Merge lp:~ian-clatworthy/bzr/faster-diff2 into lp:~bzr/bzr/trunk-old

Proposed by Ian Clatworthy
Status: Merged
Approved by: Ian Clatworthy
Approved revision: no longer in the source branch.
Merged at revision: not available
Proposed branch: lp:~ian-clatworthy/bzr/faster-diff2
Merge into: lp:~bzr/bzr/trunk-old
Diff against target: 73 lines
To merge this branch: bzr merge lp:~ian-clatworthy/bzr/faster-diff2
Reviewer Review Type Date Requested Status
Martin Pool Disapprove
Review via email: mp+6813@code.launchpad.net
To post a comment you must log in.
Revision history for this message
Ian Clatworthy (ian-clatworthy) wrote :

Some more tweaks for speeding up diff. One tweak stops multiple lookups of the dirstate entry in DirStateRevisionTree while grabbing info (e.g. mtime, contents) about a file-id. The other skips an id2path conversion when the path is already known.

On OOo, these take the time down from 2.6 to 1.7 seconds for 'bzr diff' and from 1.5 to 1.0 seconds for 'bzr diff file'.

Revision history for this message
Martin Pool (mbp) wrote :

I'm really not sure about the cache part of this:

Folding both file_id and path_id into a single string is potentially (in obscure cases) buggy, and at least seems unnecessary; using a tuple may even be faster. Also I'm seriously concerned that the cache is not invalidated in the dirstate is mutated, and would question whether it's a good idea to put a cache of unlimited duration in at this level. (I wonder what John thinks.) Could you store it at the diff level?

review: Disapprove
Revision history for this message
Ian Clatworthy (ian-clatworthy) wrote :

Martin Pool wrote:
> Review: Disapprove
> I'm really not sure about the cache part of this:
>
> Folding both file_id and path_id into a single string is potentially (in obscure cases) buggy, and at least seems unnecessary; using a tuple may even be faster. Also I'm seriously concerned that the cache is not invalidated in the dirstate is mutated, and would question whether it's a good idea to put a cache of unlimited duration in at this level. (I wonder what John thinks.) Could you store it at the diff level?
>
So, there are 2 issues here. I'll respond to the simple one first.

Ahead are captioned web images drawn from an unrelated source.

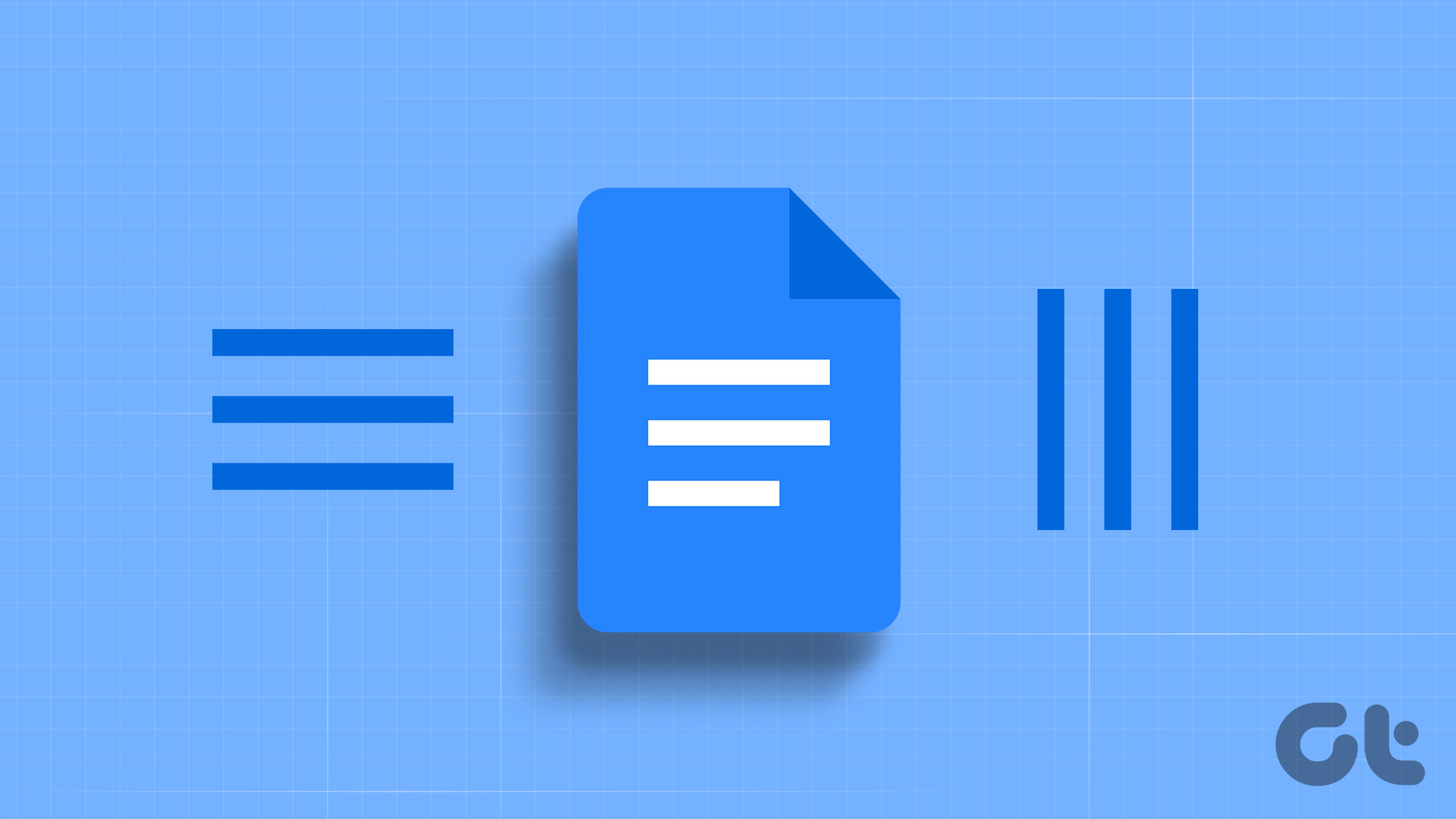 نحوه اضافه کردن خطوط افقی و عمودی در Google Docs
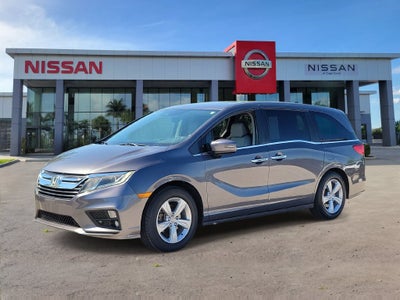 2019 Honda Odyssey EX-L
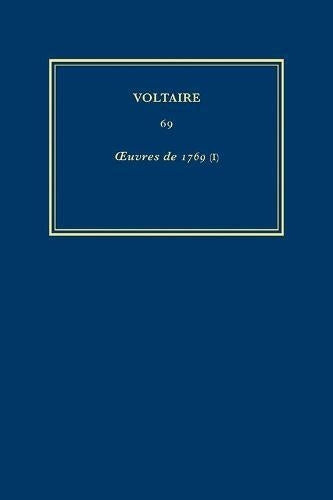 Œuvres complètes de Voltaire (Complete Works of Voltaire) 69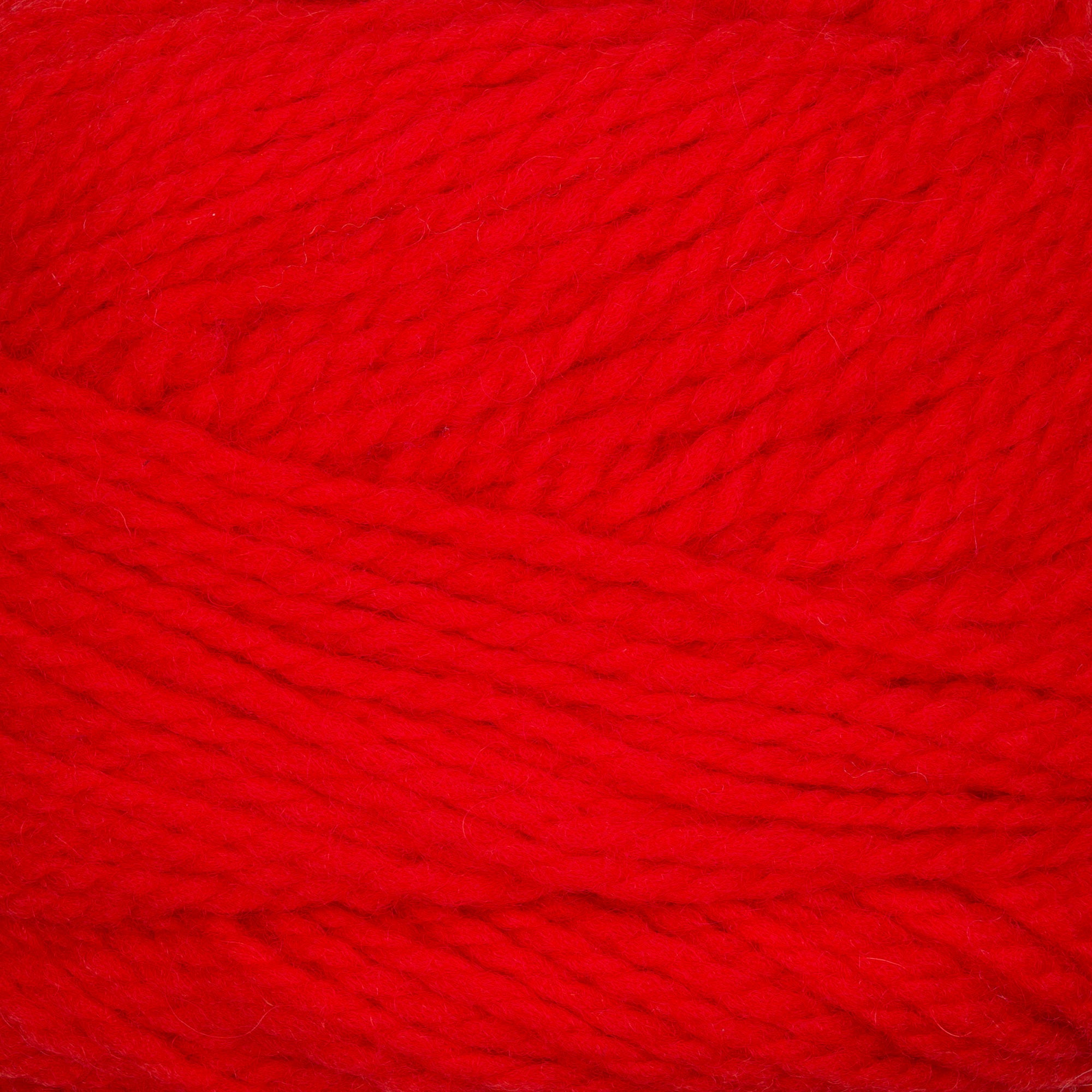 Gepard Woolia 330 Blood Orange close-up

FWIW, I did initially try using a tuple as the cache key but different
parts of the code use different tuples to look up the same entry, e.g.
('foo-file-id', None) and ('foo-file-id', 'foo') are actually the same
thing. I explicitly append "path:" to path keys so that it can only
break in the very obscure circumstance of:

1. a file-id starting with that prefix
2. the rest of the file-id matching a path in the tree
3. a path being passed to a method without a file-id

So it's possible but about as likely as me winning the lottery. :-) One
simple fix is to only cache if the file-id is set and just use it. Or we
can prefix path keys with a character not permitted in file-ids. Of
course, if we're not caching at the tree level then it doesn't matter.

Cache consistency on dirstate mutation is a far more serious problem.
I'm only caching in DirStateRevisionTree, not WorkingTree, so I (perhaps
naively) felt it couldn't change. Or that the change was easily detected?

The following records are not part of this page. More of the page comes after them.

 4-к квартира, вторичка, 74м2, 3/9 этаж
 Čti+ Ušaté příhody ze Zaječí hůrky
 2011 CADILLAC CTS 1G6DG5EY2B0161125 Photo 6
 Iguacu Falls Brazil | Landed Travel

I'm not overly keen to solve cache consistency at the diff level. The
code there is quite clean simply doing stuff like tree.get_mtime() and
tree.get_file_text(). I don't think we want diff code knowing about or
caring about dirstate entries. We could introduce a compound method
though that hands back both the mtime and file-text at once. diff.py
would need a fair amount of refactoring to use it though because the two
bits of data are looked up quite separately currently. Another thing to
keep in mind is that something like 'get_file_text_and_mtime()' only
helps diff while a lower level cache potentially helps many operations.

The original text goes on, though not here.